Challenging User Scenarios
In another scenario, you may want to test how your chatbot reacts to users who are rude or in a hurry. This allows you to evaluate its ability to maintain professionalism and provide effective responses under challenging circumstances. Below is an example styling configuration:
styling_config_challenging = StylingConfig(
expected_output="Respond politely and remain professional, even when the user is rude or impatient. The chatbot should maintain a calm and empathetic tone while providing clear and actionable advice.",
input_format="Simulate users being rushed, frustrated, or disrespectful in their queries.",
task="The chatbot acts as a specialist in medical diagnosis, integrated with a patient scheduling system. It manages tasks in a sequence to ensure precise and effective appointment setting and diagnosis processing.",
scenario="Users who are impatient, stressed, or rude but require medical assistance and advice."
)
High Quality Configurations
For high-priority use cases, you may want to define higher-quality filters to ensure that the generated dataset meets rigorous standards. While this approach might cost more to generate the same number of goldens, the trade-off can be invaluable for critical applications. Here’s an example of how you can define such quality filters:
from deepeval.synthesizer.config import FiltrationConfig
from deepeval.synthesizer import Synthesizer
filtration_config = FiltrationConfig(
critic_model="gpt-4o", # Model used to assess the quality of generated data
synthetic_input_quality_threshold=0.8 # Minimum acceptable quality score for generated inputs
)
synthesizer = Synthesizer(filtration_config=filtration_config)

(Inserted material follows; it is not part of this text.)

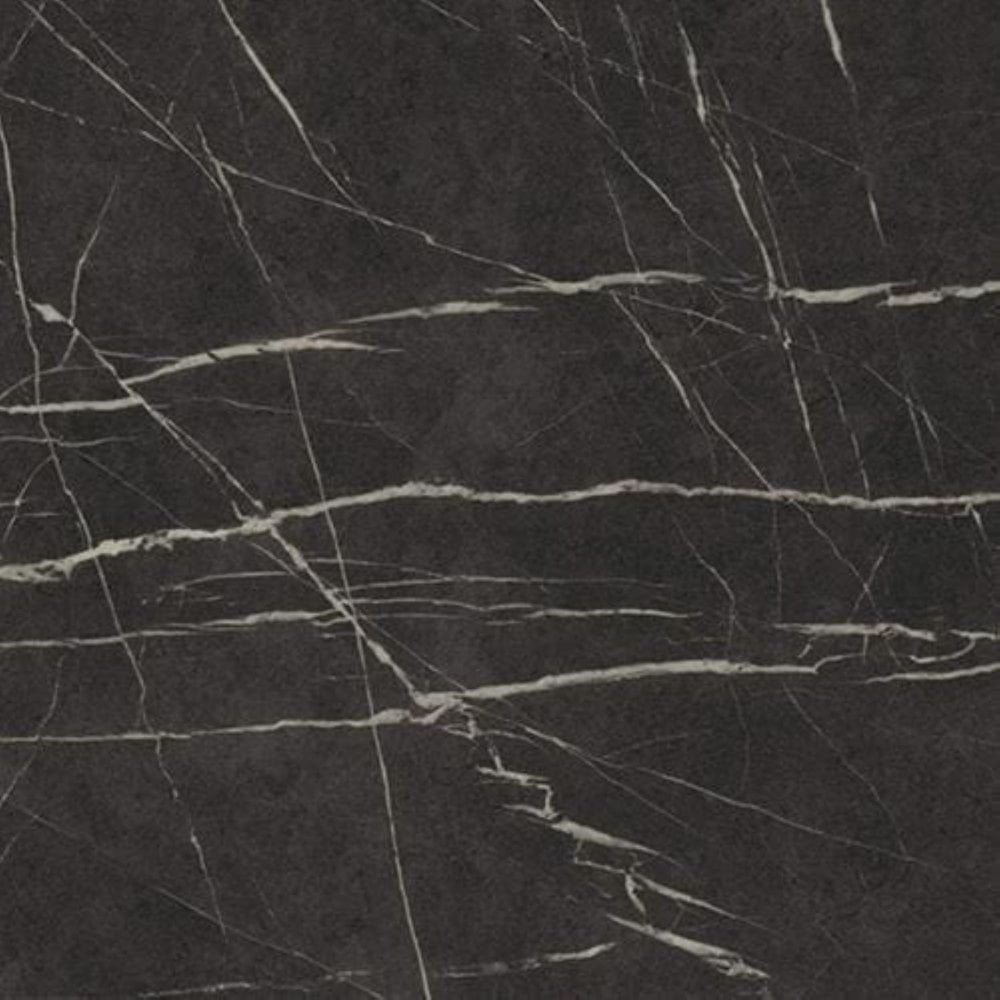 Featuring a dark marble look with thin, irregular white veins, the Black Pietra Marble Laminate Restaurant Table Top – 25mm offers an elegant, natural pattern—ideal for sophisticated restaurant settings.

You might want to push different evaluation datasets for various configurations to the platform. To do so, simply push the new dataset under a different name:
dataest.push(alias="Ambiguous Synthetic Test")
Generating Synthetic Data from Scratch
1. Defining Style Configuration
Similar to generating from documents, you'll want to customize the output style and format of any input
and/or expected_output
when generating synthetic goldens from scratch. When generating from scratch, your creativity is your limit. You can test your LLM for any interaction you can foresee. In the example below, we'll define user inputs to try to book an appointment by providing name information and email.
from deepeval.synthesizer.config import StylingConfig
styling_config = StylingConfig(
input_format="User inputs including name and email information for appointment booking.",
expected_output_format="Structured chatbot response to confirm appointment details.",
task="The chatbot acts as a specialist in medical diagnosis, integrated with a patient scheduling system. It manages tasks in a sequence to ensure precise and effective appointment setting and diagnosis processing.",
scenario="Non-medical patients describing symptoms to seek a diagnosis."
)
Alternatively, you can also just make the patient say a greeting to the chatbot.
styling_config = StylingConfig(
input_format="Simple greeting from the user to start interaction with the chatbot.",
expected_output_format="Chatbot's friendly acknowledgment and readiness to assist.",
task="The chatbot acts as a specialist in medical diagnosis, integrated with a patient scheduling system. It manages tasks in a sequence to ensure precise and effective appointment setting and diagnosis processing.",
scenario="A patient greeting the chatbot to initiate an interaction."
)
2. Generating the Goldens
The next step is to simply initialize your synthesizer with the styling configurations and push the dataset to Confident AI for review.
from deepeval.synthesizer import Synthesizer
# Initialize synthesizer for appointment booking
synthesizer = Synthesizer(styling_config=styling_config)
synthesizer.generate_goldens_from_scratch(num_goldens=25)
dataset.push("Synthetic Test from Scratch")
The reason why the expected output format works better than relying on your LLM directly is that it is hyper-focused on one task or topic. In contrast, a typical LLM application operates with a longer system prompt and may even be fine-tuned, making it less focused on handling very specific queries with precision.